To ensure that the newly created range normalization function RangeNormalize is called when retrieving the dataset, we modify the make_coco_transforms function in datasets/coco.py.

def make_coco_transforms(image_set):

    normalize = T.Compose([
        T.ToTensor(),
        #T.Normalize([0.485, 0.456, 0.406], [0.229, 0.224, 0.225])
        T.NormalizeWithoutStandardization()
    ])

The paths to the annotation files and image subfolders within the COCO dataset are defined in datasets/coco.py. Please refer to this when modifications are necessary.

    PATHS = {
        "train": (root / "train2017", root / "annotations" / f'{mode}_train2017.json'),
        "val": (root / "val2017", root / "annotations" / f'{mode}_val2017.json'),
    }

main.py

We add the num_of_classes argument to the get_args_parser function to allow specifying the number of classes. This get_args_parser.num_of_classes will also be imported and referenced in the subsequent Classifier training.
Note that this is used only when changing the dataset.

    parser.add_argument('--num_of_classes', default=91, type=int,  help='the number of classes')

Running the Training

We'll now train the DETR model with the modified MobileNetV2 backbone.
Here's an example of training on a single GPU:

python main.py --coco_path /data/image/coco --epochs 300 --lr 5e-5 --lr_backbone 5e-6 --batch_size 8 --output_dir mobilenet

The original paper used 16 GPUs with 4 images per GPU, resulting in a batch size of 64. This example uses a single GPU with a batch size of 8 due to GPU memory constraints. The learning rate has been reduced to 1/2 of the original due to the smaller batch size.

Training takes a considerable amount of time. It's recommended to use multi-GPU training as described in https://github.com/facebookresearch/detr, if you have multi-GPUs.

If you need to change the learning rate during the training of DETR, add the following changes to main.py and use the --resume option when running.

        if not args.eval and 'optimizer' in checkpoint and 'lr_scheduler' in checkpoint and 'epoch' in checkpoint:
            optimizer.load_state_dict(checkpoint['optimizer'])
            lr_scheduler.load_state_dict(checkpoint['lr_scheduler'])
            args.start_epoch = checkpoint['epoch'] + 1
            #Add the code below to change the learning rate halfway.
            optimizer.param_groups[0]['lr'] = args.lr
            optimizer.param_groups[1]['lr'] = args.lr_backbone

Splitting DETR Network and Saving Weights

From this point, we'll implement in the folder copied from the cloned detr folder, which is for feature input implementation.
We'll refer to this folder as the "Separated DETR Verification Folder" from now on.
We won't be using the folder cloned for training anymore.

First, we'll load the DETR training results, separate the network into Backbone and Transformer, and save their weights. The main script for this process is the newly created save_separated_network.py.
This code creates two networks, backbone and transformer, loads the trained DETR weights into each network, and then saves their respective weights.

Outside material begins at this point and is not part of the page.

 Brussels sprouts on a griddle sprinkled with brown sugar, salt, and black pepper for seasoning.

For the Transformer separation, we'll simply change the DETR input to features instead of extracting the model part. Therefore, we'll make the following changes:

  • Change the input Nested tensor from RGB images to features
  • Modify DETR's backbone to a backbone that only retains the Interpolate function

Code Changes

util/misc_for_separation.py

We modify the Nested tensor to change DETR's input from RGB images to features.

import os
from typing import Optional, List
import torch
from torch import Tensor
from util.misc import _max_by_axis,NestedTensor

def nested_tensor_from_tensor_list(tensor_list: List[Tensor]):

    if tensor_list[0].ndim == 3:

        batch_shape = tensor_list.shape
        b, c, h, w = batch_shape

        dtype = tensor_list[0].dtype
        device = tensor_list[0].device
        tensor = torch.zeros(batch_shape, dtype=dtype, device=device)
        mask = torch.ones((b, h, w), dtype=torch.bool, device=device)
        for img, pad_img, m in zip(tensor_list, tensor, mask):
            pad_img[: img.shape[0], : img.shape[1], : img.shape[2]].copy_(img)
            m[: img.shape[1], :img.shape[2]] = False

    else:
        raise ValueError('not supported')

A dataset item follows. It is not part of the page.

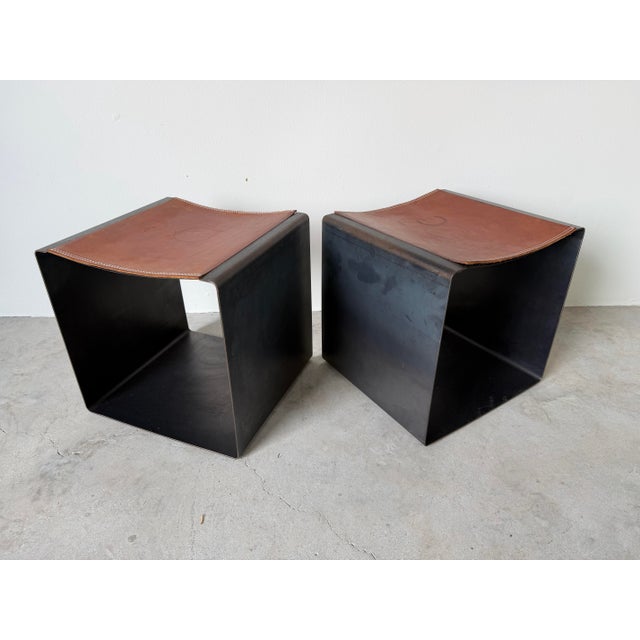 Striking vintage Italian postmodern ottomans featuring a bold sculptural cube form crafted from bent steel with a rich...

    return NestedTensor(tensor, mask)

models/backbone_for_separation.py

We define a backbone that only applies Interpolation to the features.
Place a new file in the model's folder.

import torch
import torch.nn.functional as F
from torch import nn
from typing import Dict, List
from util.misc import NestedTensor, is_main_process
from .position_encoding import build_position_encoding
import numpy as np
from .backbone import Joiner

class BackboneBase(nn.Module):

    def __init__(self):
        super().__init__()
        self.num_channels = 256

    def forward(self, tensor_list: NestedTensor):
        out: Dict[str, NestedTensor] = {}
        x = tensor_list.tensors
        m = tensor_list.mask

        assert m is not None
        mask = F.interpolate(m[None].float(), size=x.shape[-2:]).to(torch.bool)[0]

        y  = torch.stack( [tensor.to(x.device) for tensor in x ] )
        out['0'] = NestedTensor(y, mask)

        return out

def build_backbone(args):

    position_embedding = build_position_encoding(args)
    backbone = BackboneBase()
    model = Joiner(backbone, position_embedding)
    model.num_channels = backbone.num_channels

    return model

models/detr.py

We modify the imports in models/detr.py to ensure that the updated nested_tensor_from_tensor_list and build_backbone are called during DETR model creation.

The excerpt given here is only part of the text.